(Exercise material Opens)
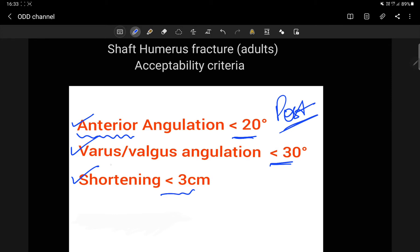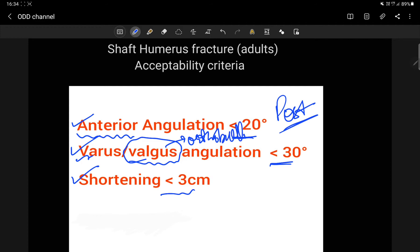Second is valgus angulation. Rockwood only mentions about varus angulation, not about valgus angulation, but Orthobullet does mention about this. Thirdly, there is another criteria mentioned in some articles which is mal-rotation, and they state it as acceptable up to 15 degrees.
(Exercise material Closes)
(Exercise material Opens)
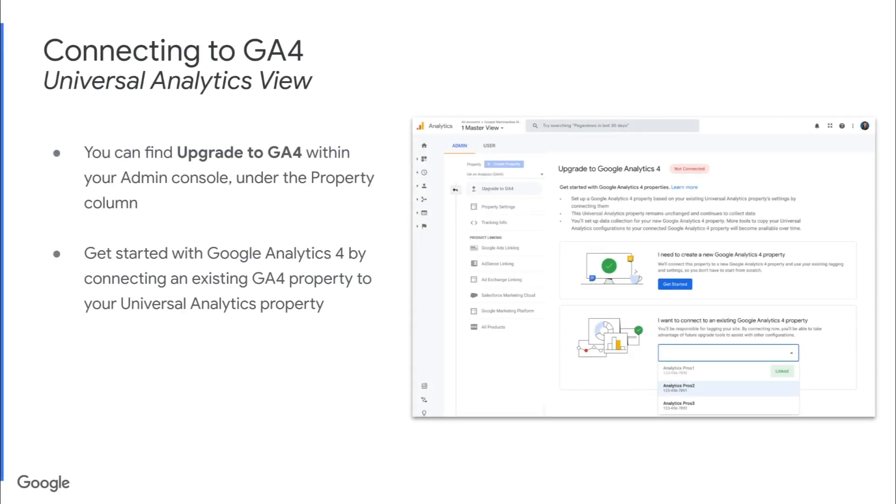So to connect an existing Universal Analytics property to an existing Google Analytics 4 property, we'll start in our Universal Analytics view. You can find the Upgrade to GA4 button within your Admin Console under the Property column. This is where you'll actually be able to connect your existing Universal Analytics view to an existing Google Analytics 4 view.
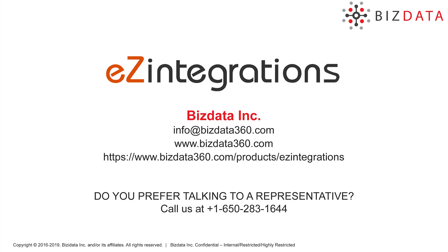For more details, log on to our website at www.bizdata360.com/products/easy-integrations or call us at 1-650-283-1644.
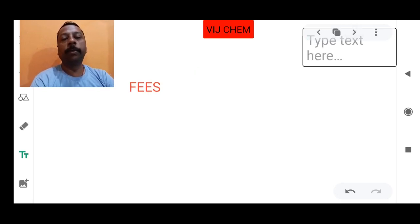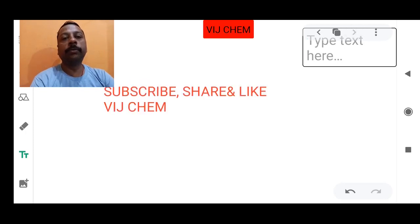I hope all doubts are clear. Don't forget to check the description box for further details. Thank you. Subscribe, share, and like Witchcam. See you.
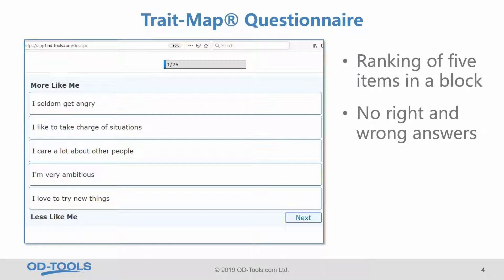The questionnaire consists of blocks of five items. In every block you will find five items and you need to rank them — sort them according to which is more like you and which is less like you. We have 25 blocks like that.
(Exercise material Closes)
(Exercise material Opens)
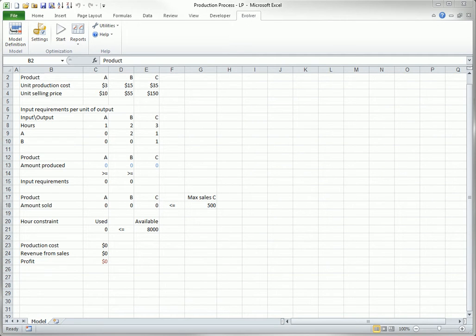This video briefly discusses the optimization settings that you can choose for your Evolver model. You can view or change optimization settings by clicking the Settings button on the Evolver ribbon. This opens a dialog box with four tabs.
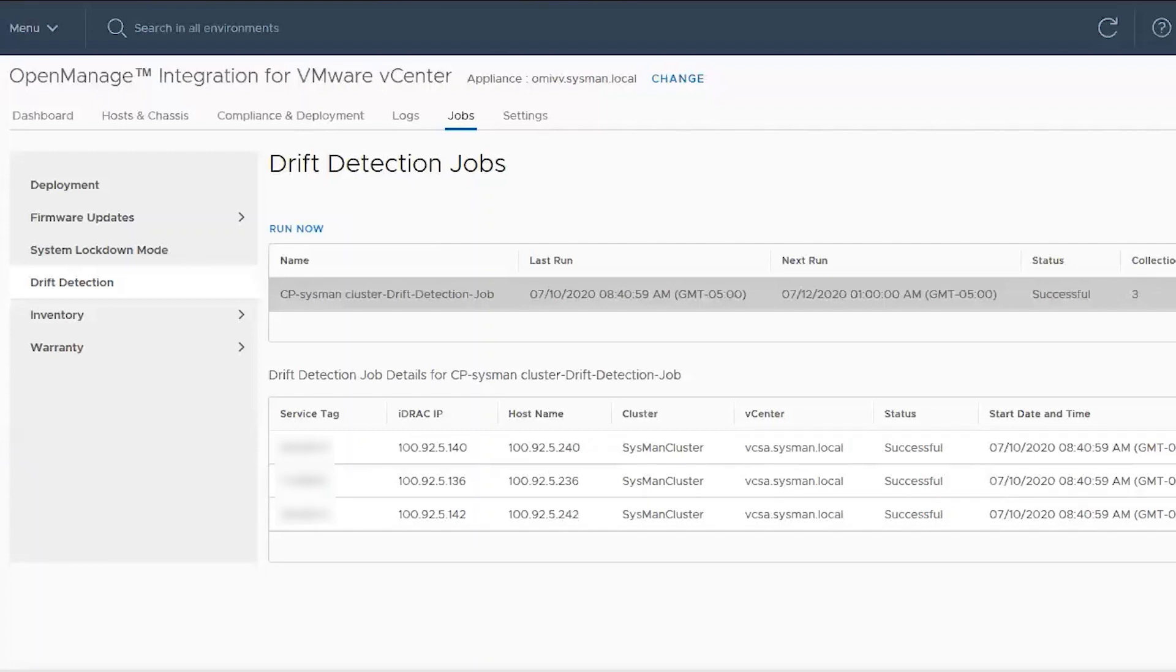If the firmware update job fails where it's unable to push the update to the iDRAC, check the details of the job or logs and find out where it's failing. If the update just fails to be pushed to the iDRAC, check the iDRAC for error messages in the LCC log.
(Exercise material Closes)
§ **Task brief**
Transcribe, exactly and without pictures, everything in the data from the line with "So to connect" down to the line with "The questionnaire consists", both included.

§ **Response to the task**
So to connect an existing Universal Analytics property to an existing Google Analytics 4 property, we'll start in our Universal Analytics view. You can find the Upgrade to GA4 button within your Admin Console under the Property column. This is where you'll actually be able to connect your existing Universal Analytics view to an existing Google Analytics 4 view.
For more details, log on to our website at www.bizdata360.com/products/easy-integrations or call us at 1-650-283-1644.
I hope all doubts are clear. Don't forget to check the description box for further details. Thank you. Subscribe, share, and like Witchcam. See you.
The questionnaire consists of blocks of five items. In every block you will find five items and you need to rank them — sort them according to which is more like you and which is less like you. We have 25 blocks like that.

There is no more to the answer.